Anonymous people who hate

On Friday, Eastsider LA ran this short piece about the book: Silver Lake Foreclosure Drama Goes from Blog to Book.

"Did you see the Eastsider LA story about the book," I asked Bob as he walked in the door after work.

"Yeah. And don't worry. There were people defending you too."

"Defending me? What?"

"In the comments. You didn't read them? Don't."

"No. I didn't read them. They were mean?"

"They weren't only mean."

Shit. Not again. It all comes rushing back. I'm naked, surrounded by total strangers who are pointing and laughing at my not-as-fit-as-it-used-to-be naked body. Did I mention I'm naked? These strangers are drawing diagrams around my body... like commentators at a football game. They are circling the flaws. Both inner and outer. There's no escape.

Other people's opinions
I know how it goes because I experienced it when we were in the midst of losing our house... when I had first started blogging. I knew that writing about our huge debt, financial mistakes and foreclosure would attract opinions. A lot of opinions. And I'm of the mind that everyone is entitled to their opinion. They may be misguided. But still. We all have them. We all make snap judgements about people based on sometimes even the tiniest morsel of information. At least most of us do that. The ones that don't? I admire them. Greatly. Do they really exist?

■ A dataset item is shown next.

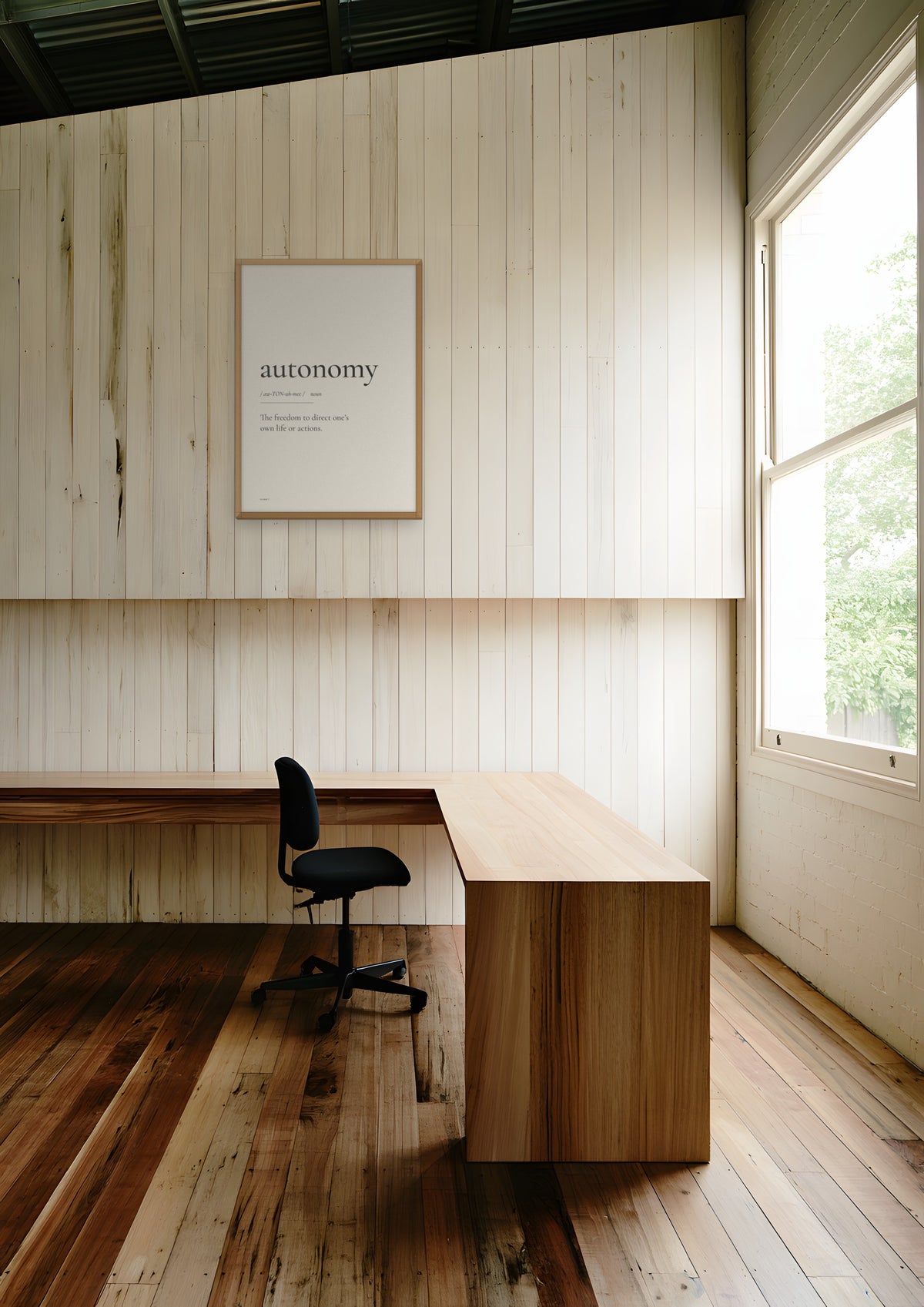 Autonomy in a natural wood frame, shown in melbourne-warehouse-office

Here's the thing, most of us have these snap judgements but don't go posting them online in the comment section. Most of us don't wish perfect strangers ill. Most of us don't get online and point and point an laugh at people when they're down. We either keep our judgements to ourselves or we acknowledge them and let them go because we realize that no one is actually perfect. We realize that we aren't perfect. And we have compassion. For ourselves and others. We have the ability to stand in someone else's shoes and at least try to imagine what it might be like for them.

My very own internet haters

Back in 2009 I made the mistake of reading the comments section on the Curbed LA article.

This is what I learned about us from the comments section...

According to various anonymous posters, we are:

-Pretentious dumbasses
-Self-absorbed jackasses
-Attention whores
-We have poor taste in music
-We are liars who lied about our finances
-We deserve everything that is happening to us
-We are gamblers
-We are scammers
-We will probably end up getting divorced and one particular commenter actually said they hoped that we did. (seriously)

Some of those commenters actually researched the terms of our mortgage from both our house and our condo. (I can only imagine how much time they wasted doing this!)

They speculated on which house we actually lived in. They made fun of our neighborhood. They made fun of the fact that I was a failed writer. They criticized the fact that we re-financed our mortgage. Bring me one homeowner who wouldn't at least try to refinance when interest rates drop. Banks buy and sell mortgages all the time and a homeowner it isn't considered "good form" to refinance?! Anyway... that's an entirely new can of worms.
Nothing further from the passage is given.